Ayrıca, şu soruların cevabı henüz ortada yok. Normalde hukukla ilgilenen bir kişinin temiz cümlelerle cevap verilmesi lazım. Temiz bir Türkçe ile bu sorulara cevap verilebilir. Soru şu: Bahsettiği kişiden tahsil etmeye çalıştığı parayı nasıl bir hizmet karşılığı hak etmiştir? bir faatura veya vekaletname var mıdır? 600 bin doları nasıl kazandığını merak etmek herkesin en doğal hakkıdır. Kendisine güvenen kişinin buna vereceği cevap 2 cümledir.

Yine basına yansıyan belgelerden anlaşıldığına göre bu sorular mahkemede de sorulmuş. bu cevaba göre bir avukatlık ilişkisi yok. İki satır yazı yazmamış bu konuda. Nasıl bir bağlantı içinde bu alacağı tahsil etmeye çalışmış. Bunda da muammalar var.

Uzun basın toplantılarıyla, hiçbir soruya cevap vermeden mağdur edildiğini söylemek basitlikten başka bir şey değil. Alacğaını neden sözleşmeye dökmemiştir? Yine basında okuyoruz biz bunu. Sayın Yavaş, amacının vergi vermemek olduğunu söylüyor. Eğer bir sözleşme olsaydı, paranın 300 bin dolarıyla ilgili vergi doğacağından bundan kaçındığını ifade ediyor. Belediye başkanlığına aday birinin bu sözleriyle vergiye sığınması çok vahimdir.
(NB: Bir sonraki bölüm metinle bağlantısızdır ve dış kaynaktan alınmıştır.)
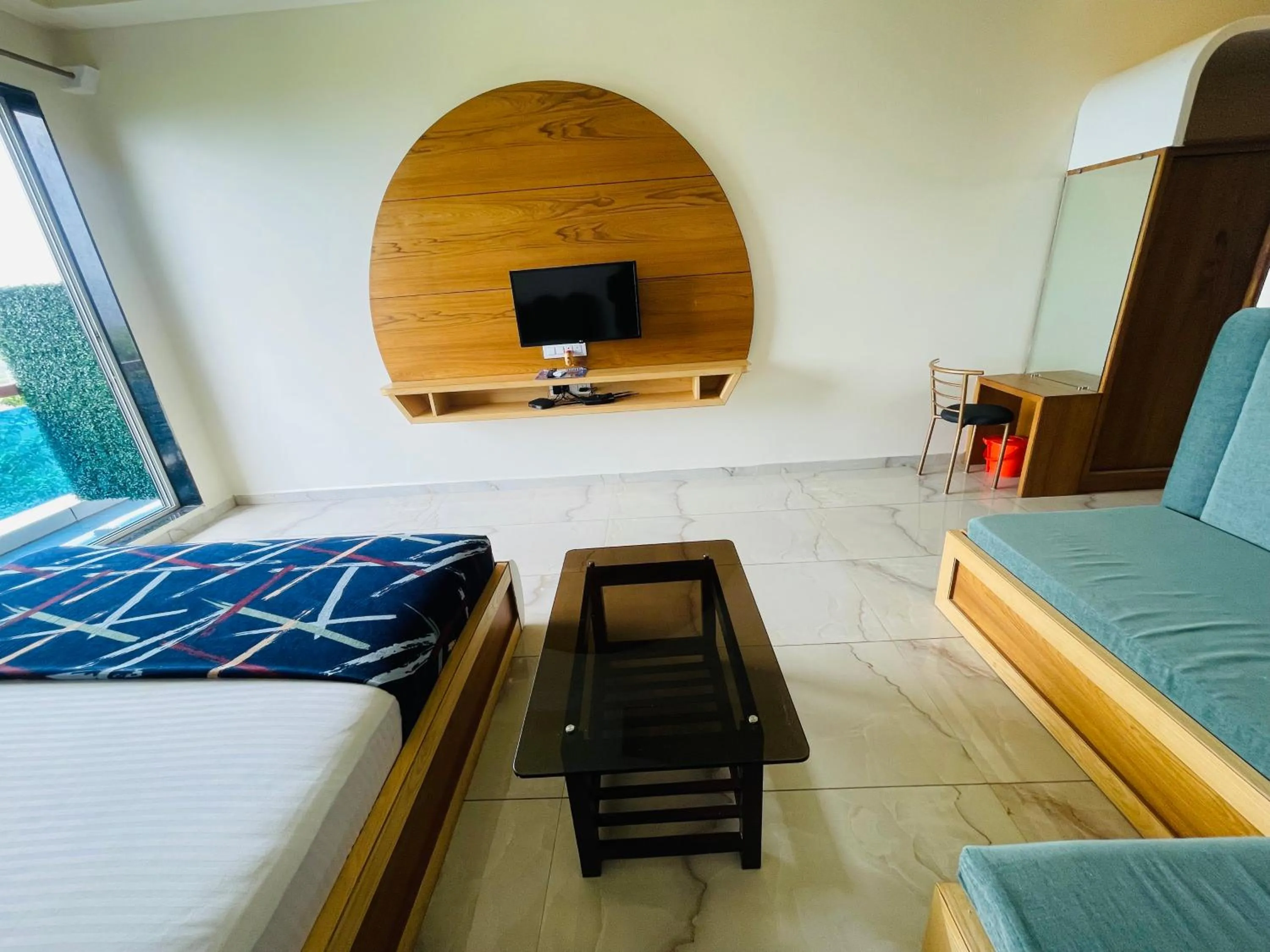 Communal lounge/ TV room, Bed in hotel saptarang residency panhala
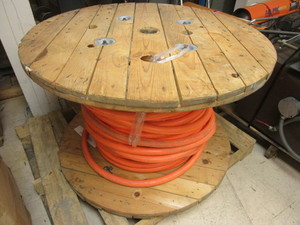 lot 703 image: LARGE WOODEN SPOOL OF THICK ORANGE WIRE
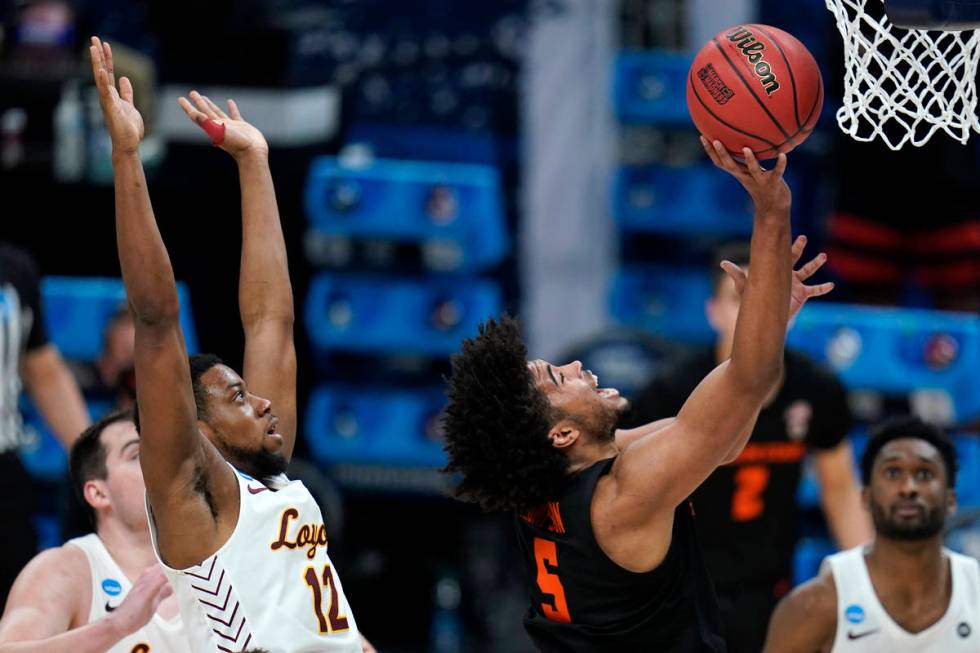 Oregon State guard Ethan Thompson (5) drives to the basket ahead of Loyola Chicago guard Marqui ...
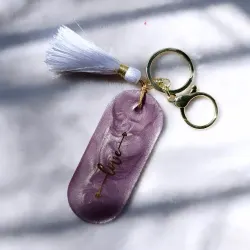 Handcrafted Resin Keychain with "Love" Arrow Quote & White Tassel Charm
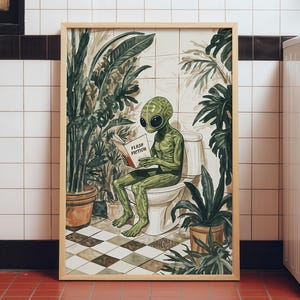 May include: A framed art print featuring a green alien sitting on a white toilet in a tiled bathroom, reading a book titled Flush Fiction. The scene includes large potted green plants on a chequered floor, rendered in a detailed illustrative style.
biz siyasetçi olarak bu soruları gündeme getirerek 3 aydır neden susuyorsunuz diyoruz. Burada bizi suçlayacağına oturup 2'şer cümleyle bunlara cevap verebilir. Bu şahıs, CHP'nin hangi yaklaşımla hangi yöntemlerle Ankaralılara aday çıkardığı bir şahıstır?

Kendileri bu sorulara siyasi açıdan ve hukuki açıdan herhangi bir boşluk olmayacak şekilde cevap verebilirlerse konu kapanır. Ama her açıklamalarıyla birlikte konu daha da genişlemektedir. Ve ortaya çıkan her belgede konunun bildiklerimizin dışında ço kdaha büyük boyutları olduğu ortaya çıkmaktadır.

Netanyahu, Sayın Cumhurbaşkanımız Recep Tayyip Erdoğan hakkında 'diktatör' demiştir. Kendisine bu lafını iade ediyorum. Şu açığa çıkmaktadır ki; seçimle devlet aşına gelen Netanyahu bu durumdan rahatsızdır. Netanyahu, "İsrail, İsrail'de yaşayanların devleti değil sadece Yahudilerin devletidir" diyor. Bu açıklaması, Netanyahu'nun ulus devlet yasasına dayanıyor. Netanyahu bu ırkçı yaklaşımında ısrar ediyor. Kendi vatandaşlarını bile birinci ve ikinci sınıf olarak değerlendiren kişinin cumhurbaşkanımız hakkında bunları söylemesi olsa olsa iltifattır. Aksi halde kendisinden bir iltifat almış olsaydık, bu bizim için bir utanç olurdu.